■ **Aim of the task**:
Print exactly the lines that run from the one containing "Cold Beetroot Soup with Buttermilk" to the final line of the data, both included, and print none of the pictures.

::::::::

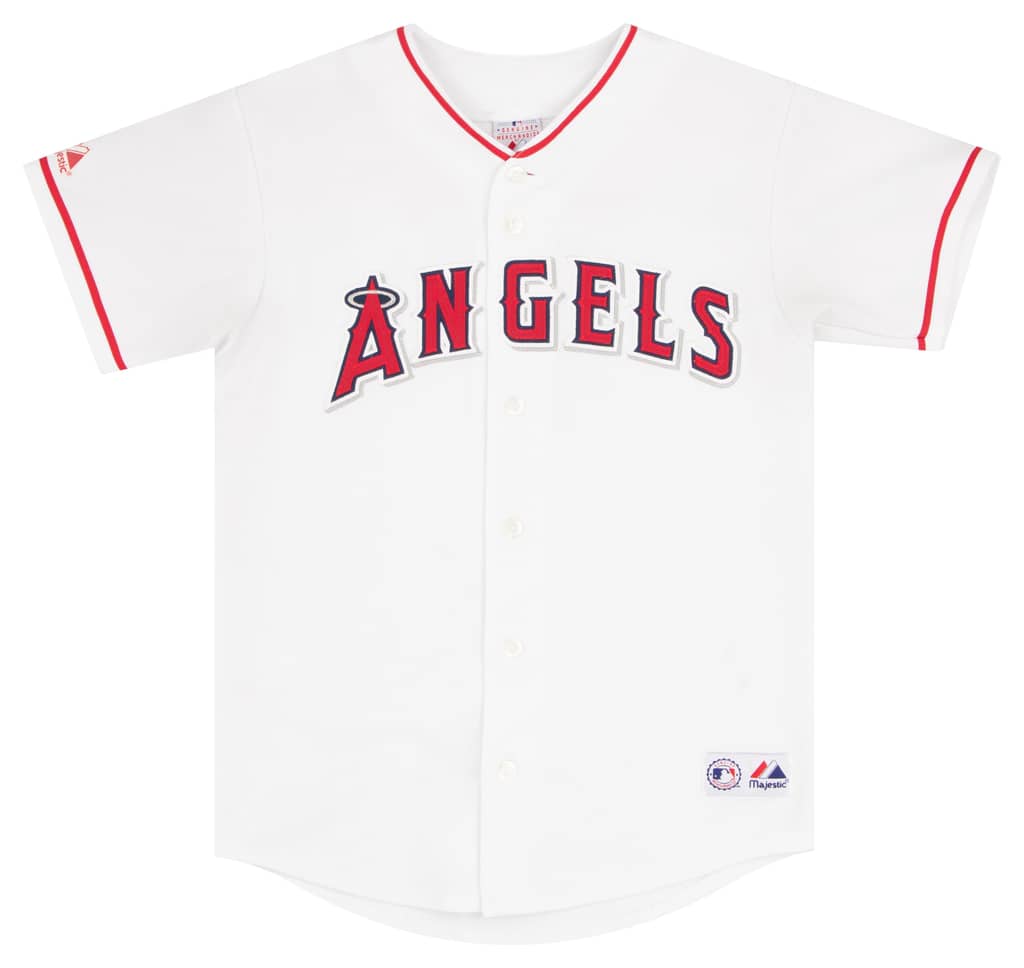 2005-08 LA Angels Figgins #9 Majestic Jersey (Home) Y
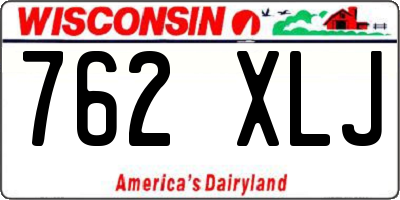 WI license plate 762XLJ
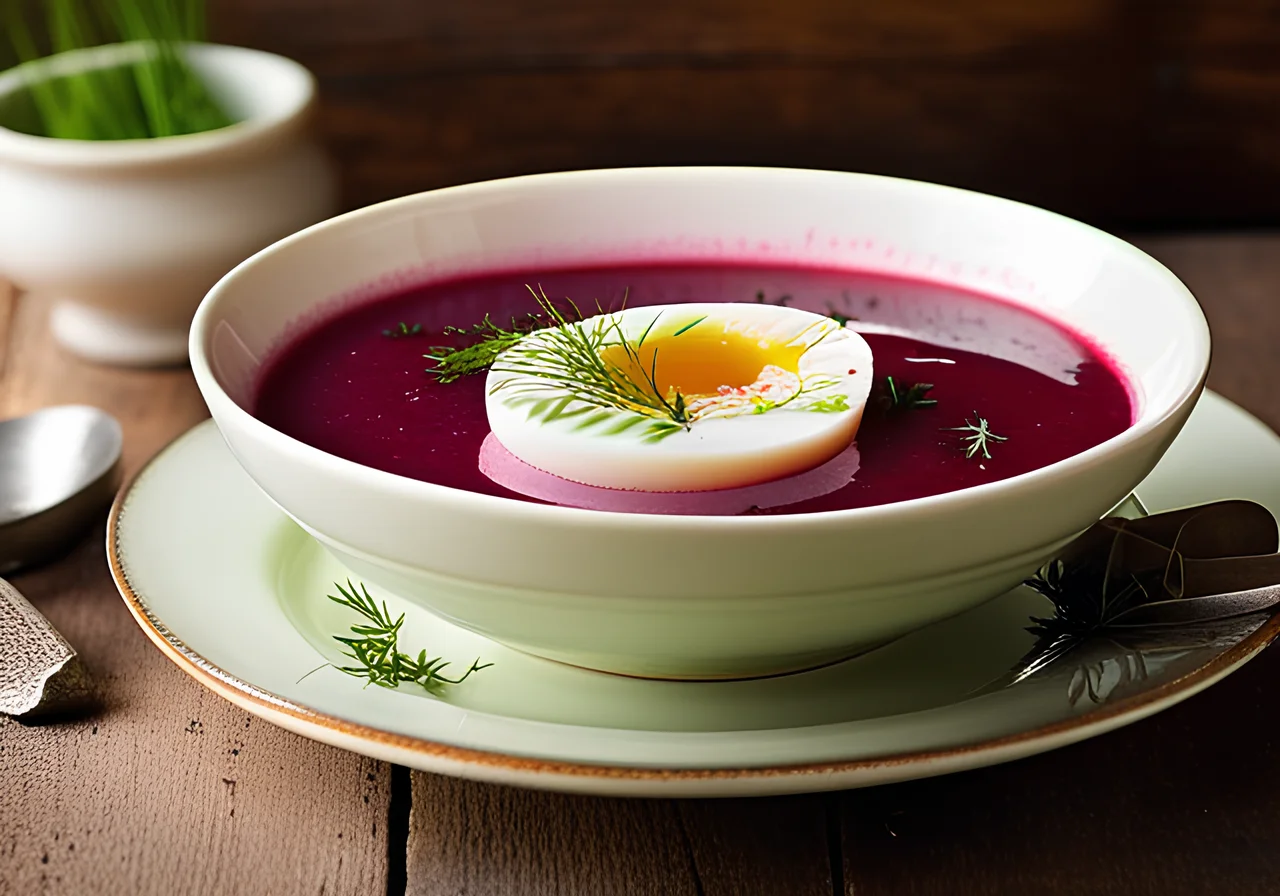 Cold Beetroot Soup with Buttermilk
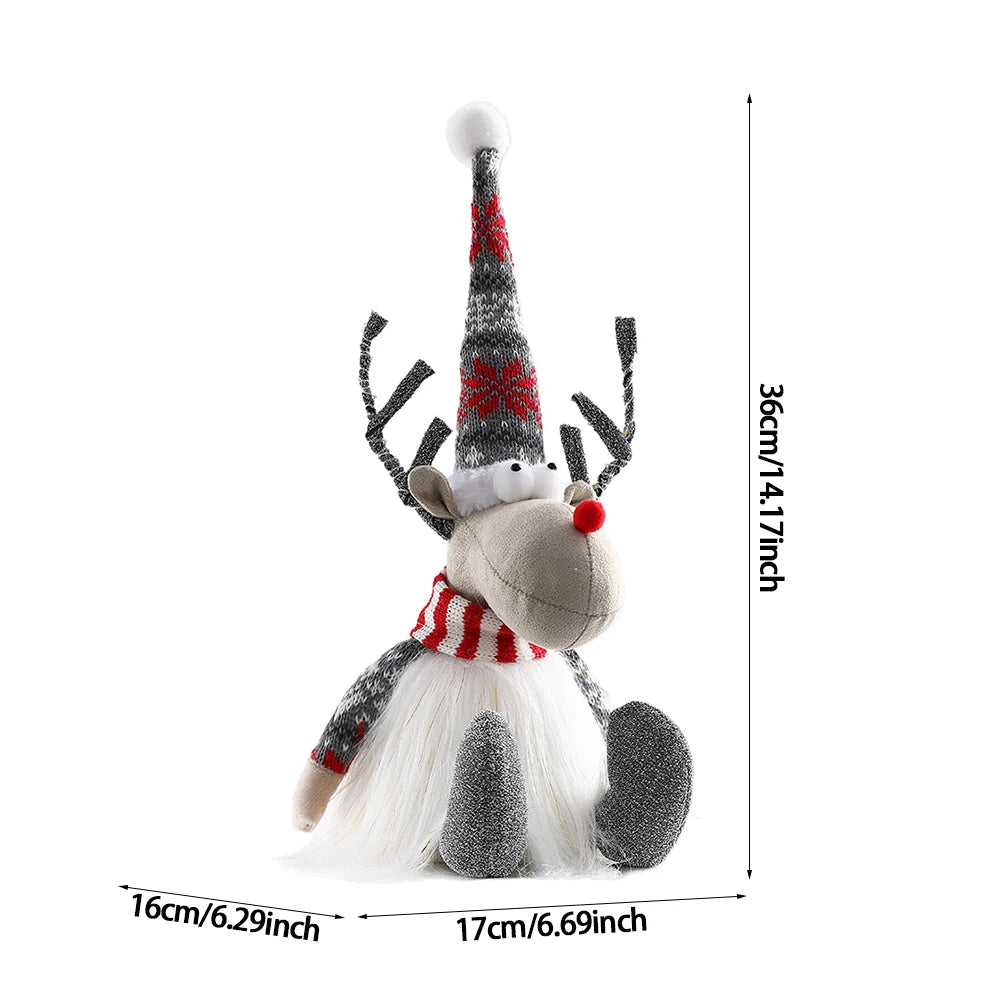 Weihnachtselch Dekoration – Plüschpuppe – Handgefertigt & Verstellbar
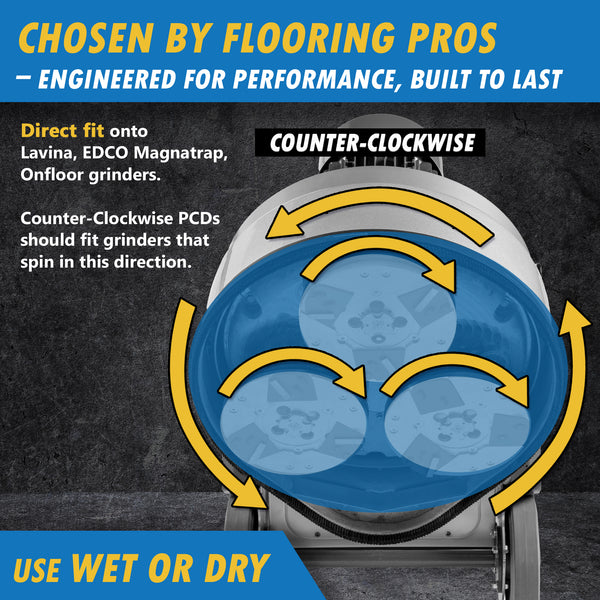 Diamond Grinding Discs for Lavina, Edco Magnatrap, and Onfloor Grinders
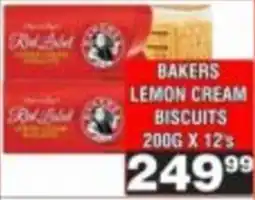 Advance Cash n Carry Bakers Lemon Cream Biscuits offer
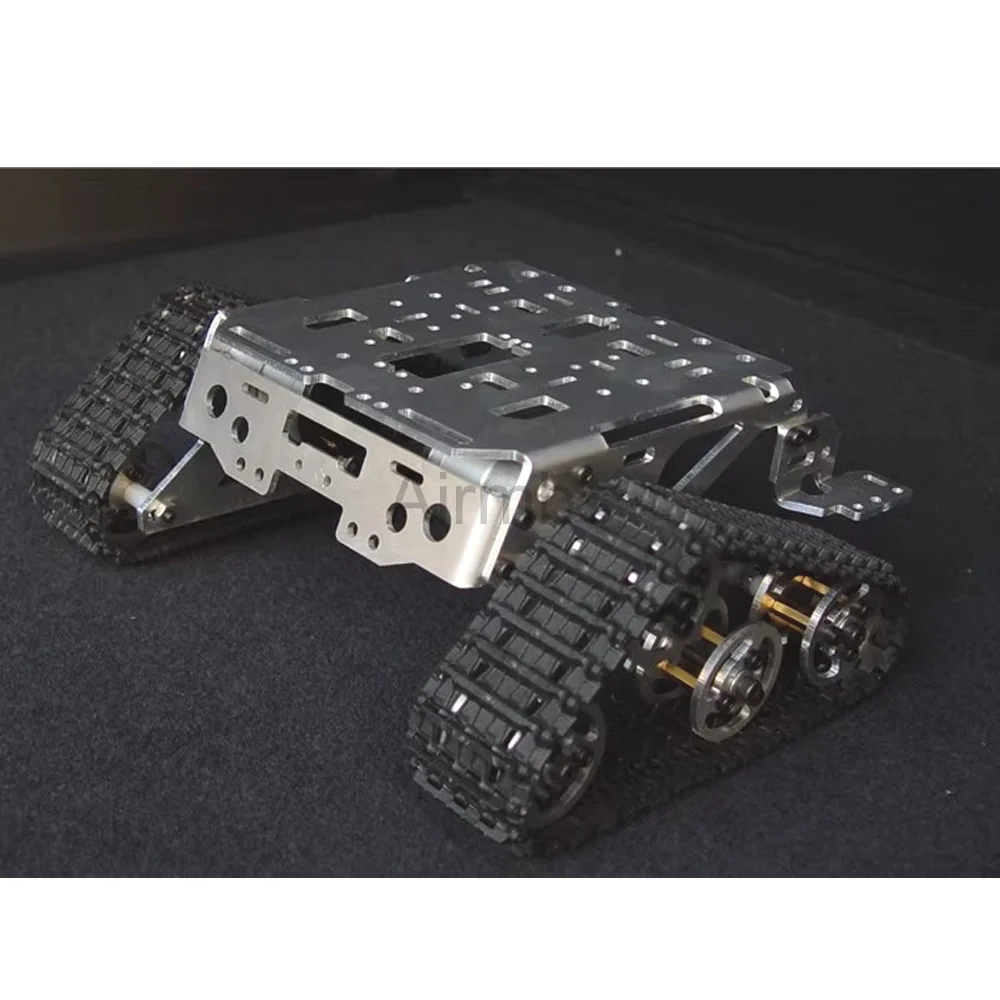 2WD Tank Chassis with DC Motor, Tracked Chassis, Intelligent Small Car, Tracked Vehicle, Tile Power Chassis, Robot Chassis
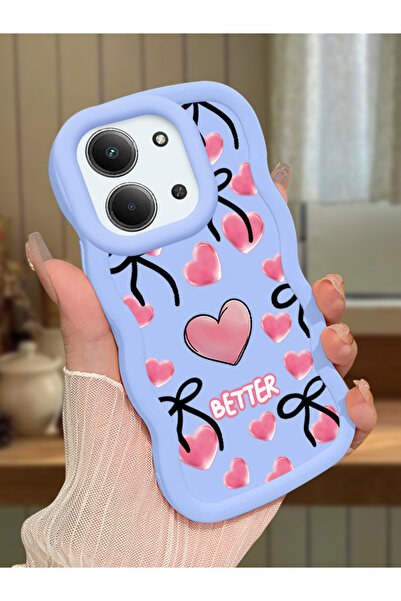 Hontinga Redmi 15C 5G Uyumlu Kılıf kamera koruyucu Mavi Silikon Couple Telefo...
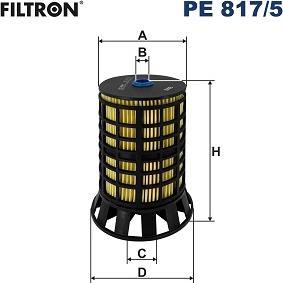 Filtron PE 817/5 - Degvielas filtrs autodraugiem.lv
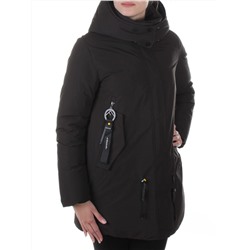 M9072 BLACK Пальто зимнее женское Snowpop
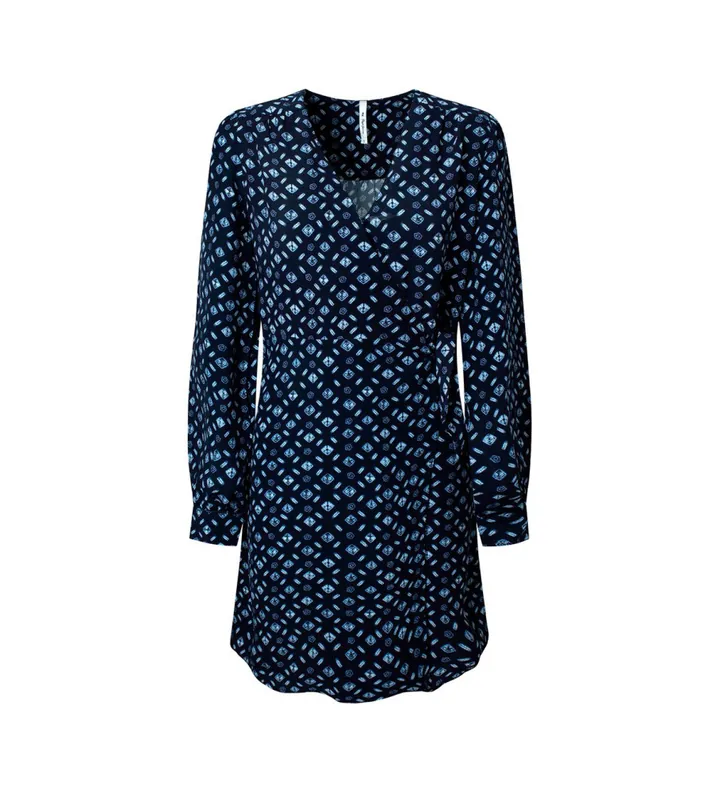 Pepe Jeans para mujer. PL953252 Vestido Ernes marino (M), Casual, Viscosa, Manga larga, Sostenible
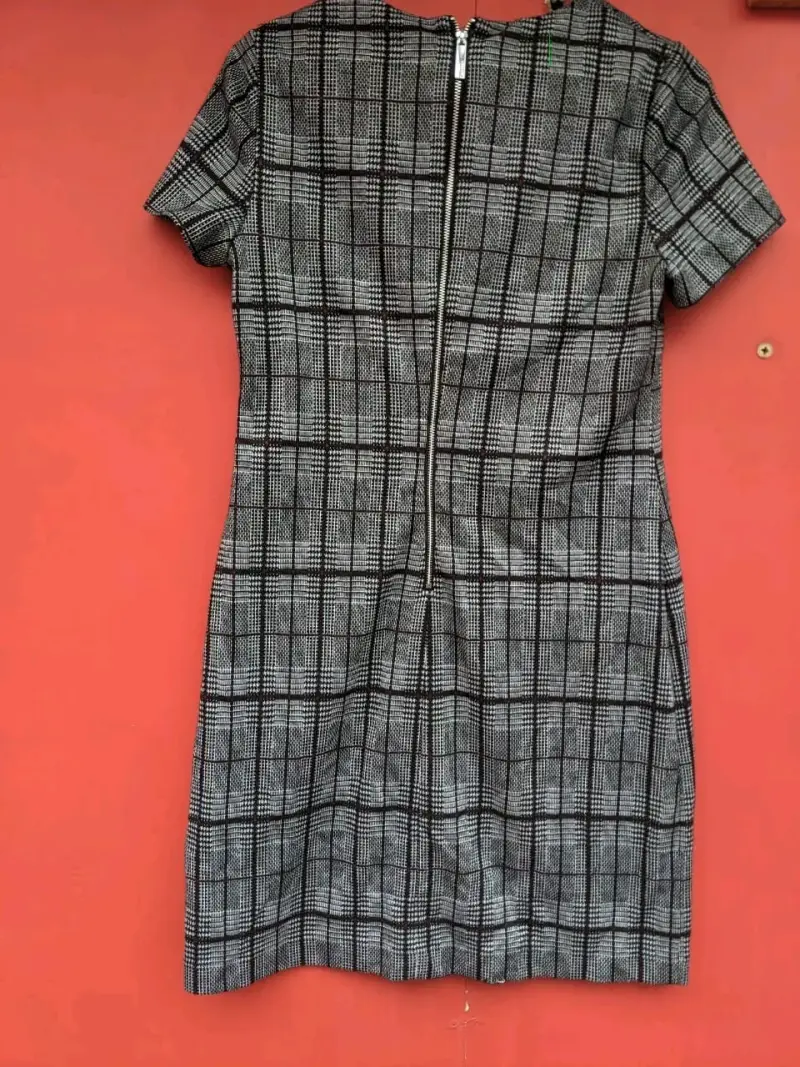 Vestido a cuadros Calvin Klein talla 4 - 1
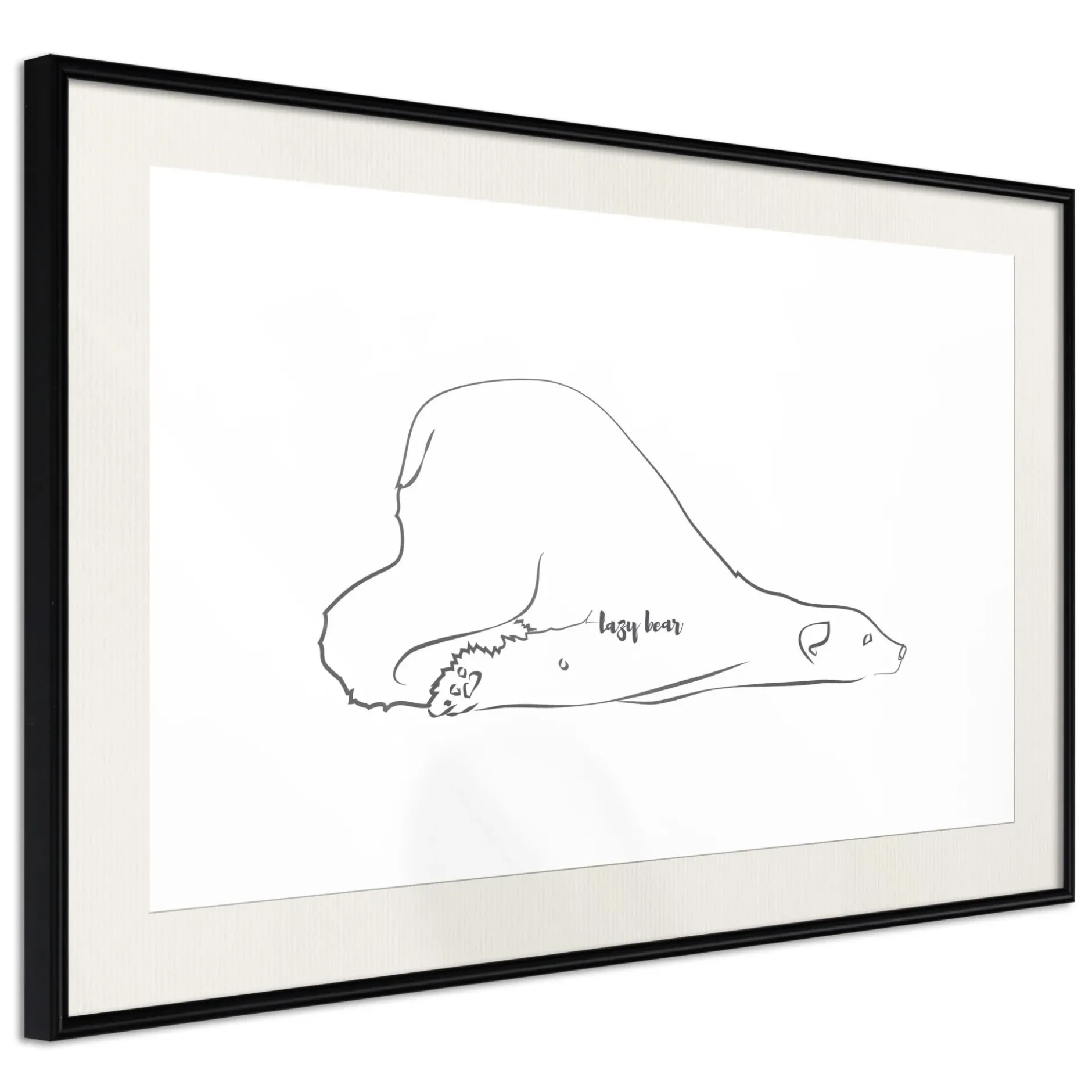 Poster 'Lazy Bear'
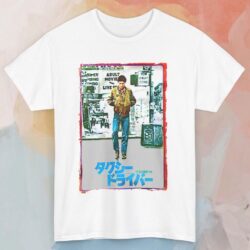 Rare Vintage Taxi Driver Japanese Ad Shirt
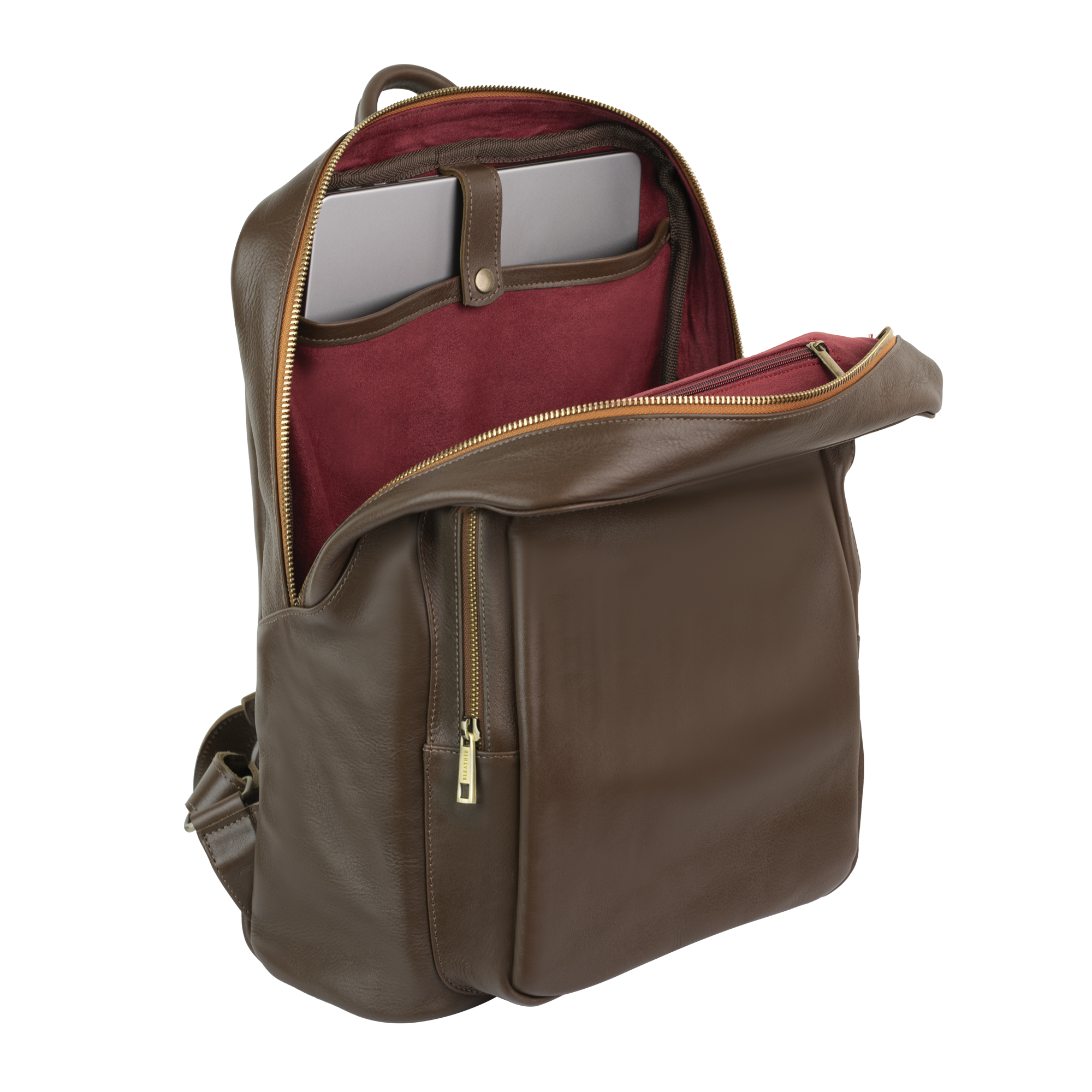 Atlas: Sac à dos - Cuir Marron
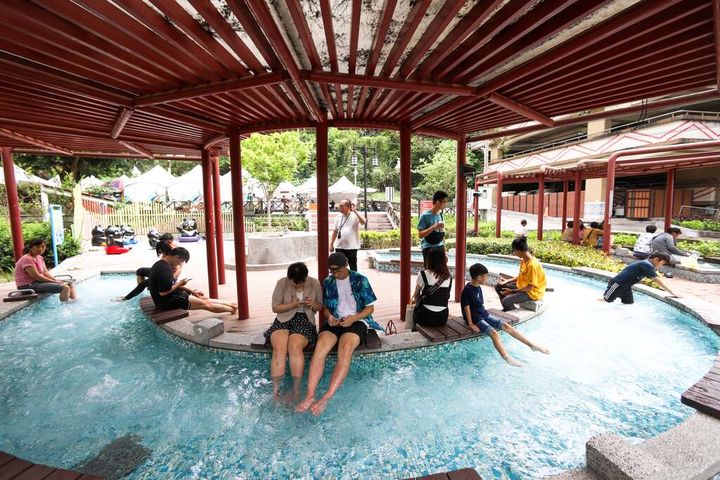 谷關溫泉廣場。 圖:台中市政府觀光旅遊局/提供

::::::::

■ **Response area**:
 Cold Beetroot Soup with Buttermilk
 Weihnachtselch Dekoration – Plüschpuppe – Handgefertigt & Verstellbar
 Diamond Grinding Discs for Lavina, Edco Magnatrap, and Onfloor Grinders
 Advance Cash n Carry Bakers Lemon Cream Biscuits offer
 2WD Tank Chassis with DC Motor, Tracked Chassis, Intelligent Small Car, Tracked Vehicle, Tile Power Chassis, Robot Chassis
 Hontinga Redmi 15C 5G Uyumlu Kılıf kamera koruyucu Mavi Silikon Couple Telefo...
 Filtron PE 817/5 - Degvielas filtrs autodraugiem.lv
 M9072 BLACK Пальто зимнее женское Snowpop
 Pepe Jeans para mujer. PL953252 Vestido Ernes marino (M), Casual, Viscosa, Manga larga, Sostenible
 Vestido a cuadros Calvin Klein talla 4 - 1
 Poster 'Lazy Bear'
 Rare Vintage Taxi Driver Japanese Ad Shirt
 Atlas: Sac à dos - Cuir Marron
 谷關溫泉廣場。 圖:台中市政府觀光旅遊局/提供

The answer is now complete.